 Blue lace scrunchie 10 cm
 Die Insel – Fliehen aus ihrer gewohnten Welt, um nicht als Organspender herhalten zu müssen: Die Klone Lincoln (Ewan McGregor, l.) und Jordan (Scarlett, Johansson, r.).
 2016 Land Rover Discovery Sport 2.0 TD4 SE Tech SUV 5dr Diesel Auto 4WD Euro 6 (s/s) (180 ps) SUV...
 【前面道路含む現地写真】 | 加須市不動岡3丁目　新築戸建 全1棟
__________________________________________________
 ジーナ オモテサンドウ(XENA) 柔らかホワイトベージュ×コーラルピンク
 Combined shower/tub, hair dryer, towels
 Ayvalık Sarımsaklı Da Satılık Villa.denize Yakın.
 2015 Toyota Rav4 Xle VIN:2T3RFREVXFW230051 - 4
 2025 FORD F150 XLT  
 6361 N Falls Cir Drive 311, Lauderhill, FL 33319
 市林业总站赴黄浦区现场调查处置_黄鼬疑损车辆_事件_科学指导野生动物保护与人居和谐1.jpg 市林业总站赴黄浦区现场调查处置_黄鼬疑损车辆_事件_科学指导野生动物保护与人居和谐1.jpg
__________________________________________________
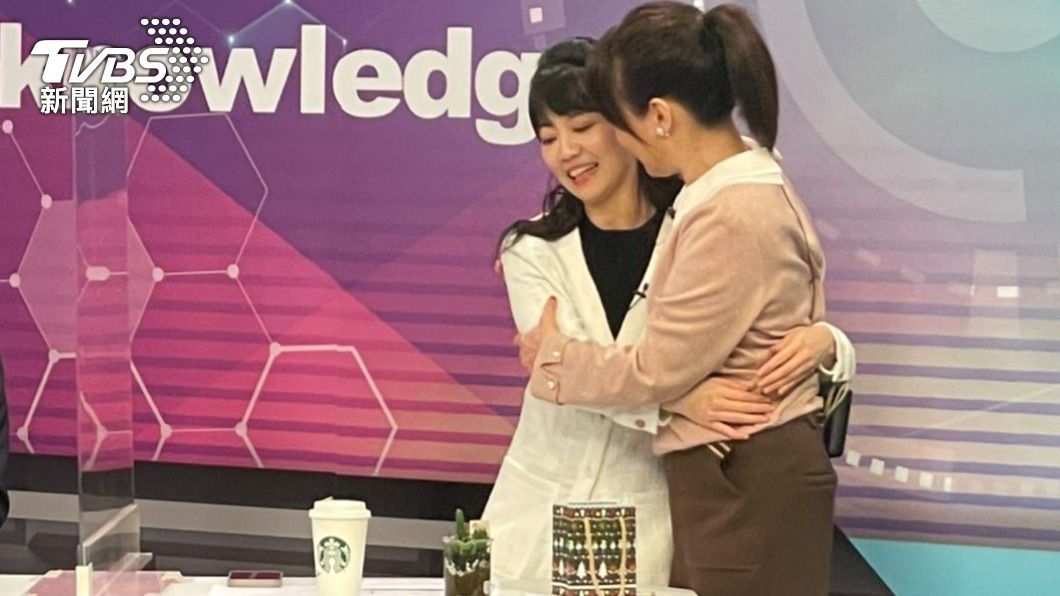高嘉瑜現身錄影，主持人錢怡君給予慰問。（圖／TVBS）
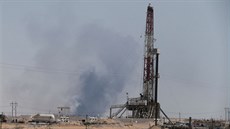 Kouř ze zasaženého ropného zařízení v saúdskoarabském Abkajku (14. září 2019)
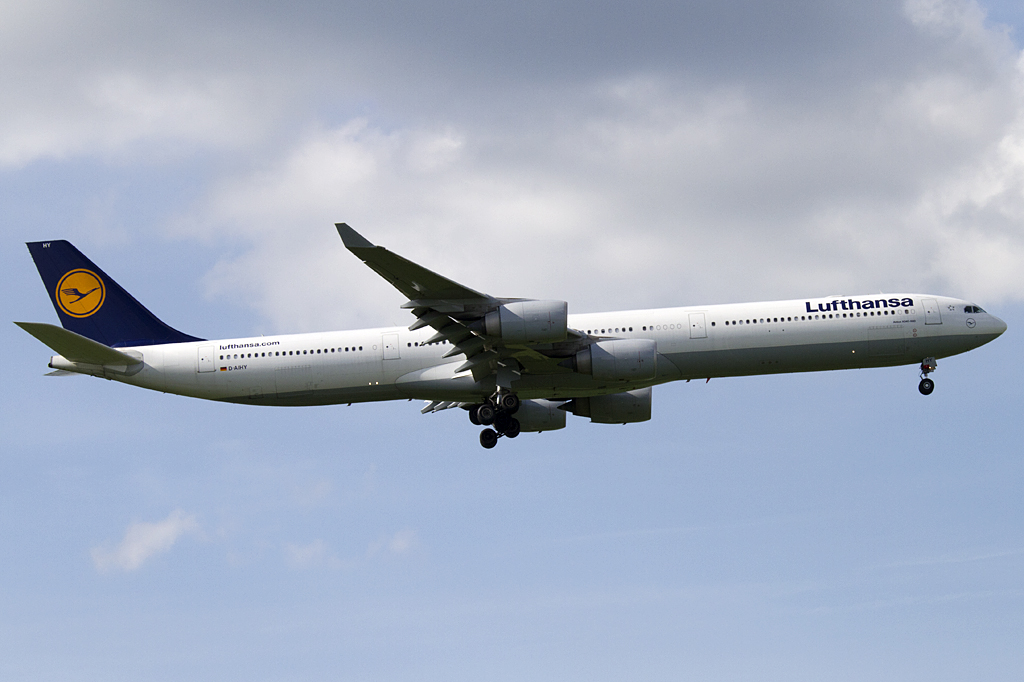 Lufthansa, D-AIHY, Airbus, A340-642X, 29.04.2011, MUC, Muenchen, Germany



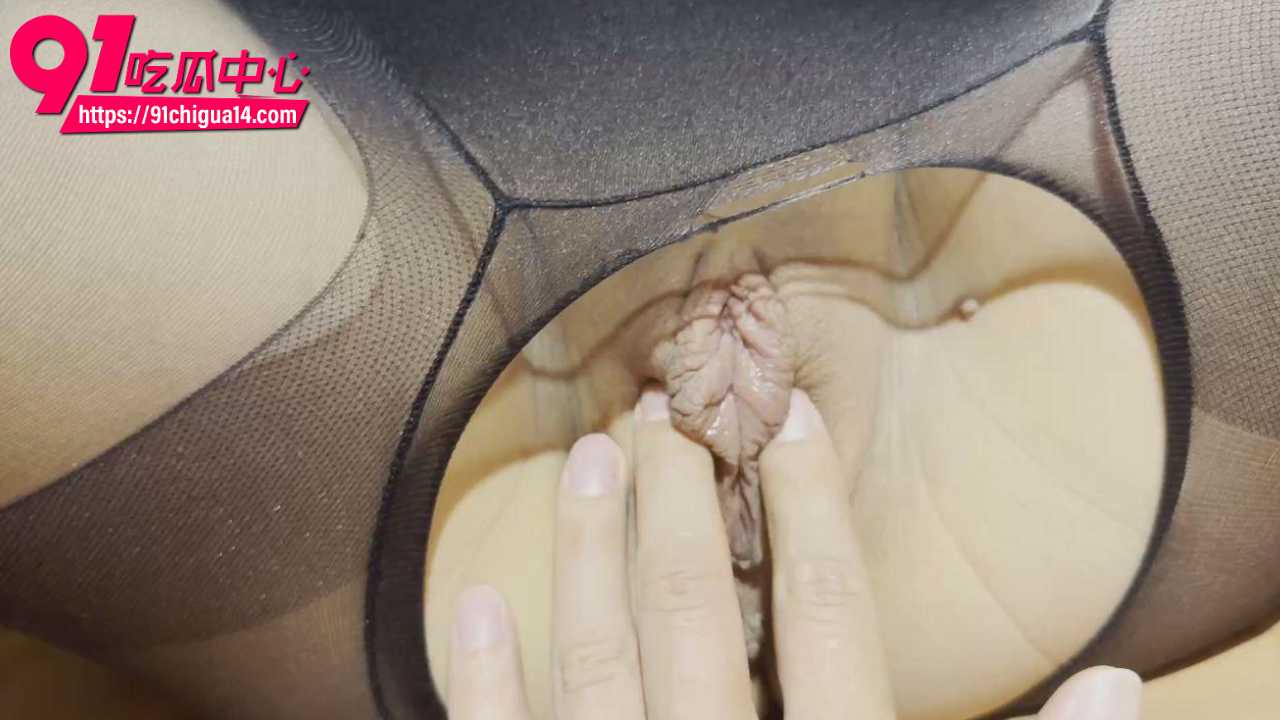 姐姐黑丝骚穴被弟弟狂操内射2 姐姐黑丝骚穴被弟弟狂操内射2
__________________________________________________
Try it →
Of the records above, print only the lines from the one containing "高嘉瑜現身錄影，主持人錢怡君給予慰問。（圖／TVBS）" through the one containing "姐姐黑丝骚穴被弟弟狂操内射2 姐姐黑丝骚穴被弟弟狂操内射2", inclusive and unaltered, leaving out pictures.

Answer below →
高嘉瑜現身錄影，主持人錢怡君給予慰問。（圖／TVBS）
 Kouř ze zasaženého ropného zařízení v saúdskoarabském Abkajku (14. září 2019)
 Lufthansa, D-AIHY, Airbus, A340-642X, 29.04.2011, MUC, Muenchen, Germany



 姐姐黑丝骚穴被弟弟狂操内射2 姐姐黑丝骚穴被弟弟狂操内射2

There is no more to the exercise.